The aim is to eliminate use of these fuels. That's not practical in many areas. Moving from open fires to more efficient enclosed fires is the first step toward elimination, used only in places where cleaner fuels are not available.

Here they're clearly talk about reducing all use of these fuels.

"It is recognized that other types of intervention, including improved ventilation and behaviour changes, may contribute to reducing levels of HAP, or exposure, or both, and are an important part of all interventions. However, reducing emission rates remains central to achieving AQGs because pollutants generated in the home enter the ambient environment, contributing to outdoor air pollution exposures, and re-enter homes, exacerbating indoor pollution. Furthermore, it is important that information, training, support and other measures to ensure best use of new technologies and fuels will be an integral part of any promotion effort, whether these are delivered through public, NGO or private sector initiatives, or – as is often likely to be the case – a mix of these."

This step-wise approach is more clearly defined here:

https://www.who.int/quantifying_ehimpacts/publications/en/In...

− behavioural modifications to reduce exposure (e.g. encouraging mothers to keep their young babies away from the fire);

− household changes to improve ventilation (e.g. increasing the number of window openings in the kitchen, providing gaps between the roof and walls, or moving the stove out of the living area);

− improvements to cooking stoves (e.g. ventilation by flues, hoods or chimneys, or increases in combustion efficiency - nearly all pollutants damaging to health are products of incomplete combustion);

− interventions to enable people to use higher-quality, lower-emission liquid or gaseous fuels (e.g. petroleum-based kerosene and liquid petroleum gas, or biomass-based alcohol and bio-gas).

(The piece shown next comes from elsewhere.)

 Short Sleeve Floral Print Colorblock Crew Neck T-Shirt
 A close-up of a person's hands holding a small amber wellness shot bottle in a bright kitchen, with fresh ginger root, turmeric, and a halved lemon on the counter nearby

> Programmes can be designed to encourage urban and periurban households that use solid fuels to move up the “energy ladder” to cleaner fuels (such as kerosene or liquid petroleum gas), and do so at lower income levels (i.e. sooner) than would occur without intervention. This approach requires that the availability and affordability of cleaner fuels be enhanced. On the other hand, the poorest rural populations with nearly no cash income, but access to wood and/or agricultural wastes, are unlikely to acquire improved cooking stoves – let alone cleaner fuels – without large subsidies, which are often unsustainable in the long term. There do seem to be large populations between these extremes, however, that can be effectively targeted by efforts to disseminate improved stoves.